Further south in Katrasoo, Kulgam, Mohammad Yousuf Bhat walks through his family's 12-kanal orchard, tended for nearly 80 years. Each season is a gamble against hailstorms, heatwaves, and snowless winters. A recent hailstorm wiped out half his crop. In 2020 and 2021, early snowfall snapped ancient, fruit-laden trees. The insurance relief he received was a paltry ₹1,000, an amount he says "barely covered anything" against soaring input costs for pesticides, labour, and irrigation.

Systemic Hurdles: Data Gaps and Flawed Design

Despite the glaring need, crop insurance in Kashmir remains exclusionary. While the Pradhan Mantri Fasal Bima Yojana (PMFBY) now covers all 20 districts of J&K, its benefits have largely bypassed horticulture. Since its 2016 launch, about 960,000 farmers have been insured, with claims worth ₹156 crore settled. However, most payouts have gone to wheat, paddy, and oilseeds from the Jammu region.

In the Kashmir Valley, only about 16% of cropped land is insured, far below the government's 25% target.
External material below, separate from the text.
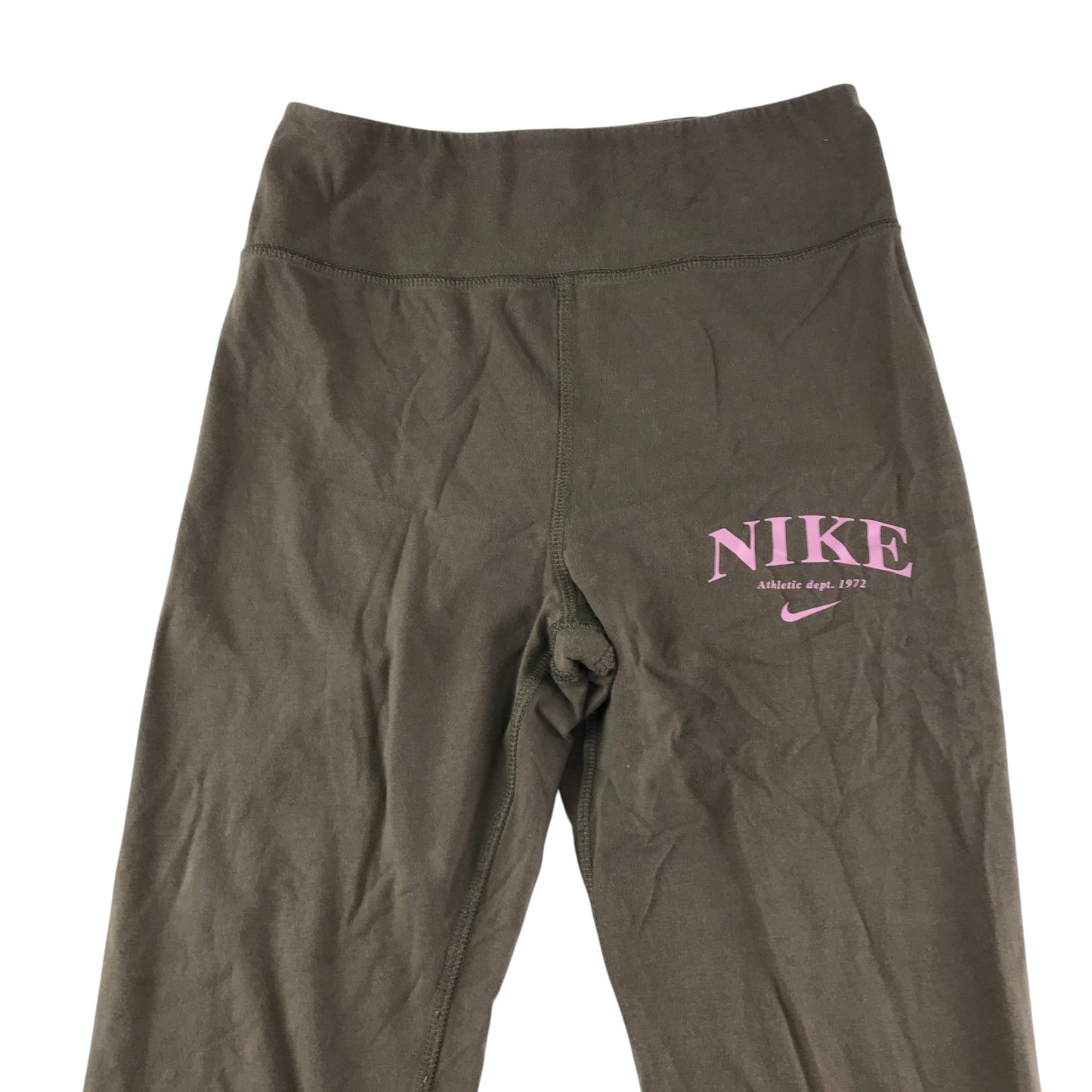 Nike leggings 13-14 years brown plain with pink text logo and swoosh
Bashir Ahmad Basheer, chairman of the Kashmir Valley Fruit Growers-cum-Dealers Union, states bluntly, "The scheme does not effectively cover horticulture. Our economy depends on fruit, not food grains."

Experts pinpoint the core issue: a crippling lack of data. Former mission director of crop insurance, Altaf Aijaz Andrabi, says insurers are hesitant because there is no standardized, notified yield assessment model backed by long-term weather data for apples. Climate change has turned apples into a "highly fluctuating, high-risk crop," eroding the predictability insurers require.

Economist and former finance minister Haseeb Drabu emphasizes this point, noting, "You cannot design insurance without data. You need at least a hundred years of weather and yield patterns to assess risk." He adds that traditional orchards with variable yields are harder to insure than uniform, high-density plantations.

Administrative Bottlenecks and Financial Barriers

Operational glitches have further stalled progress. Suhail Inamullah, technical officer to the director of agriculture, Kashmir, explains that earlier tender rules required companies to bid for entire crop clusters. If even one crop, like apples, was left out due to the lack of a yield-assessment module, the entire bid failed.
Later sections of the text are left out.